Aim of the task =
From the first line of the listing to the last, set down everything exactly, but skip the images.

=== Provided material ===

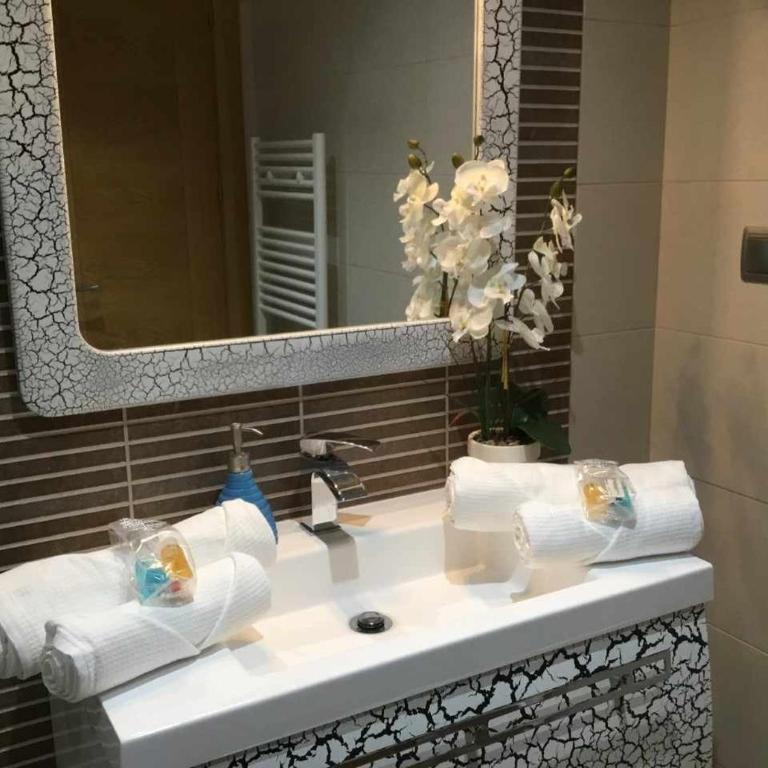 Gran piso alto LuzDiseño centrico con garaje - Apartamento de 2 dormitorios - 85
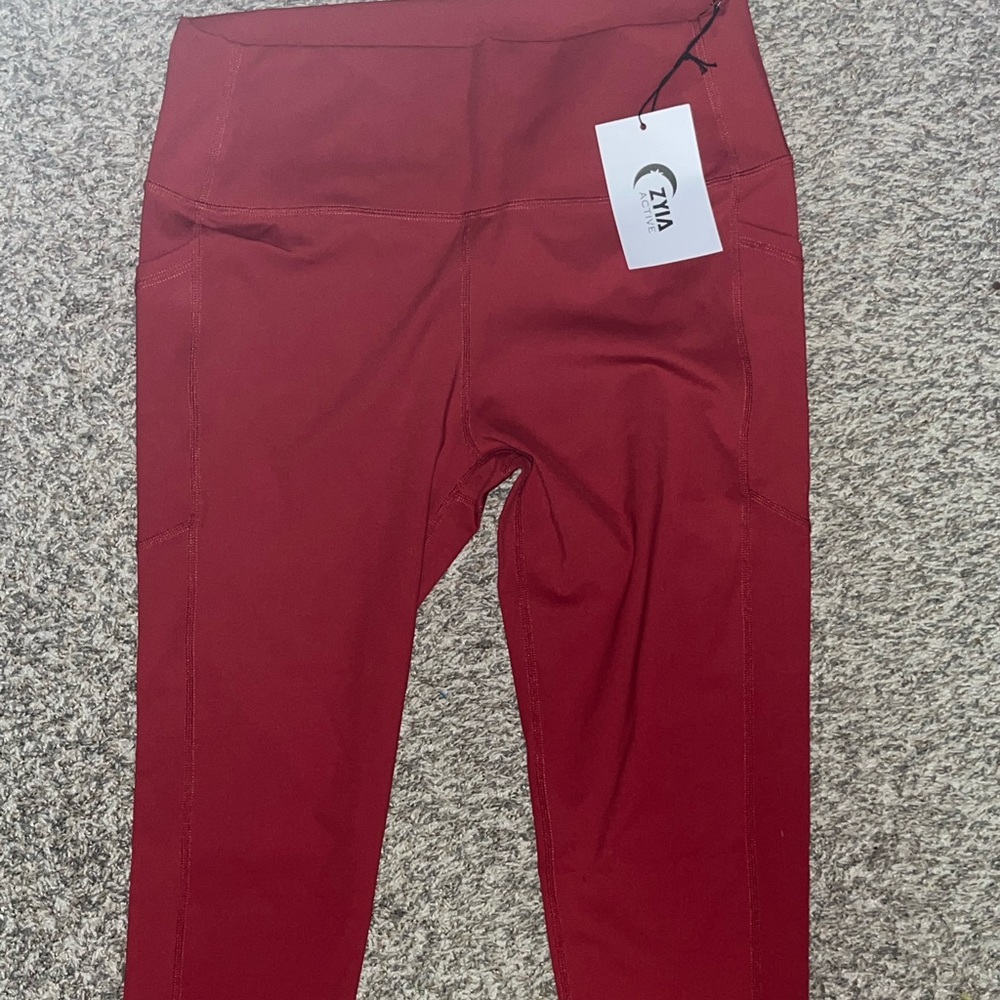 Zyia red pocket brilliant hi rise capri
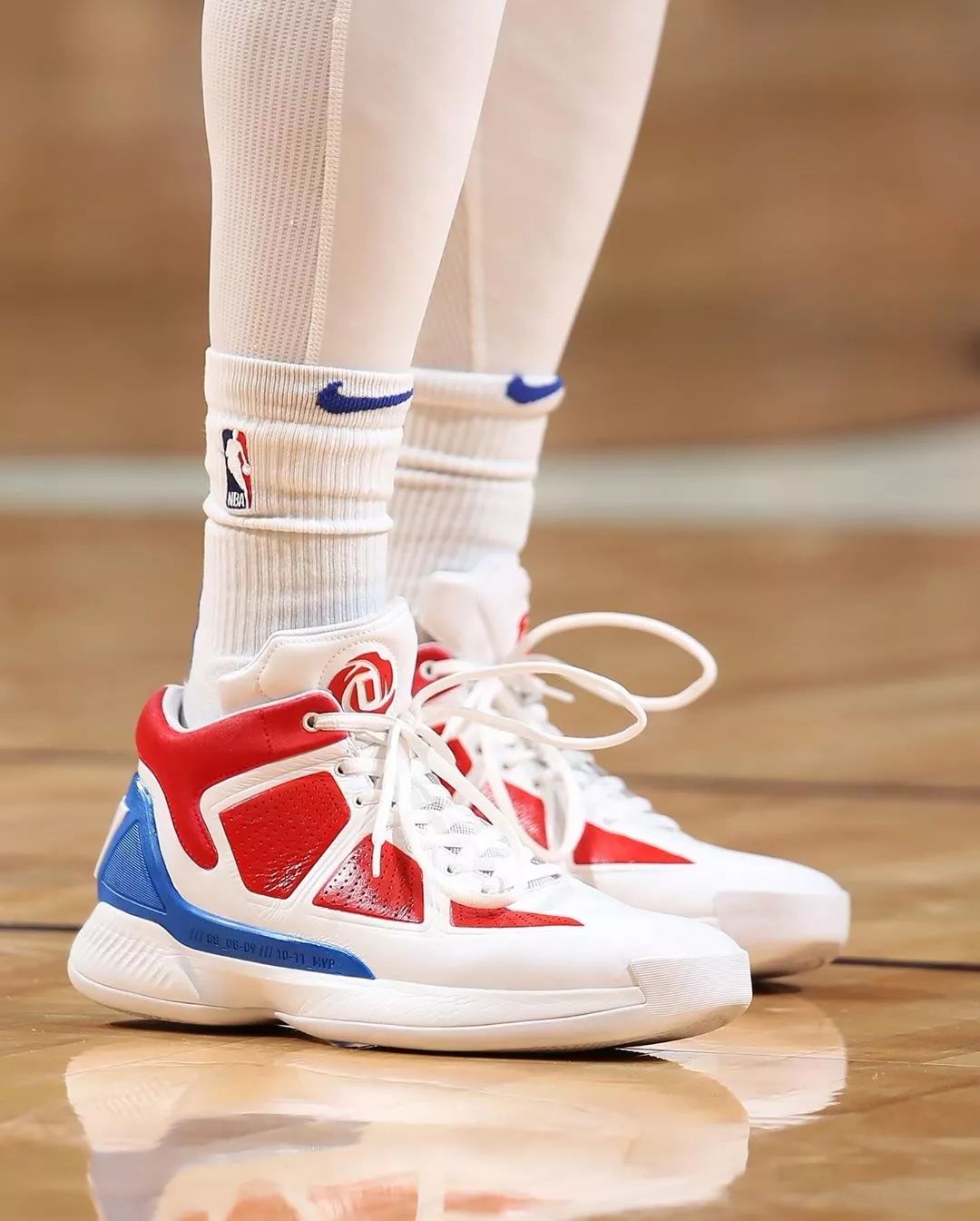 aj34nba球星上脚配色,aj34北卡球员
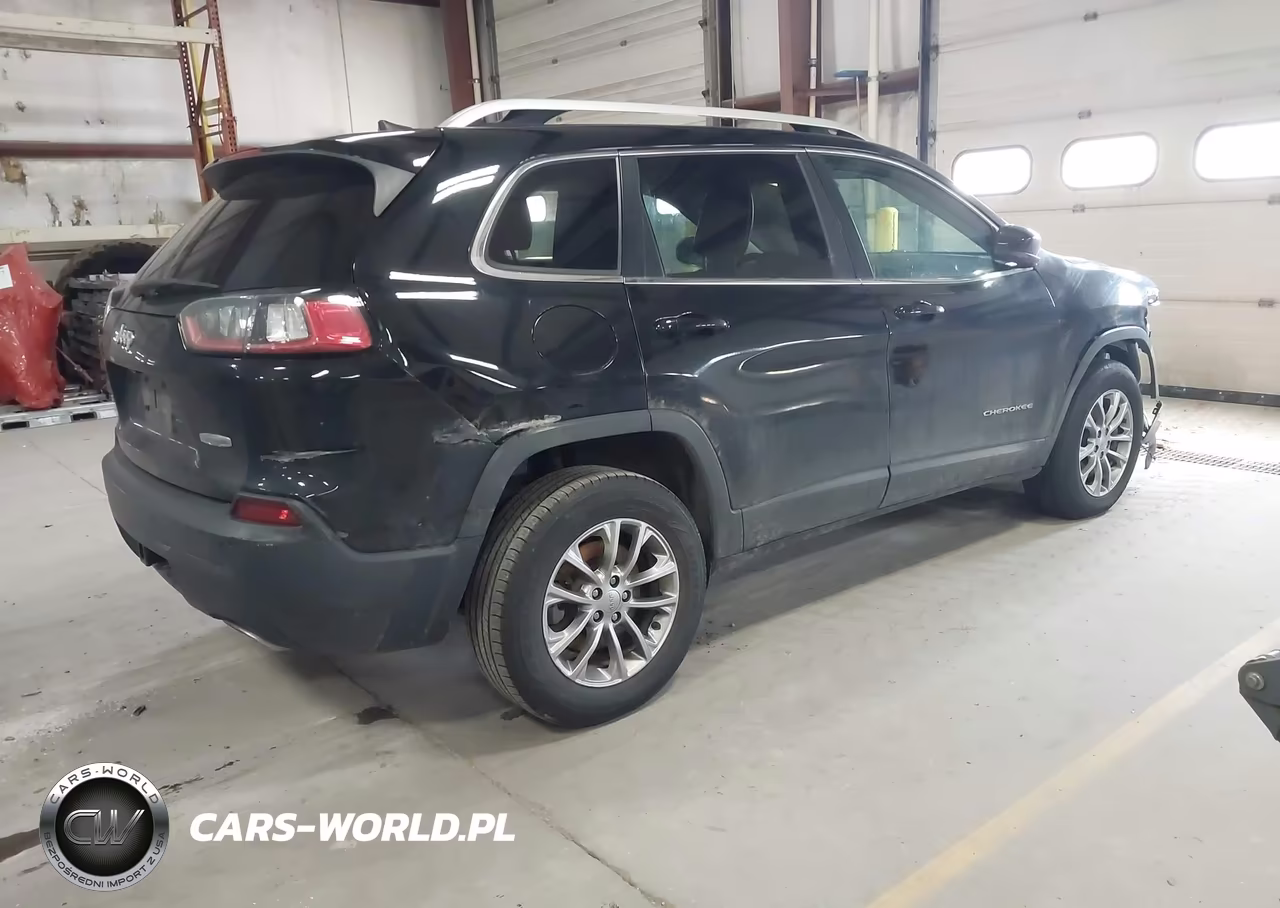 2019 Jeep Cherokee Latitude Plus 4X4 VIN:1C4PJMLX4KD156243 - 4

===

Written answer =
 Gran piso alto LuzDiseño centrico con garaje - Apartamento de 2 dormitorios - 85
 Zyia red pocket brilliant hi rise capri
 aj34nba球星上脚配色,aj34北卡球员
 2019 Jeep Cherokee Latitude Plus 4X4 VIN:1C4PJMLX4KD156243 - 4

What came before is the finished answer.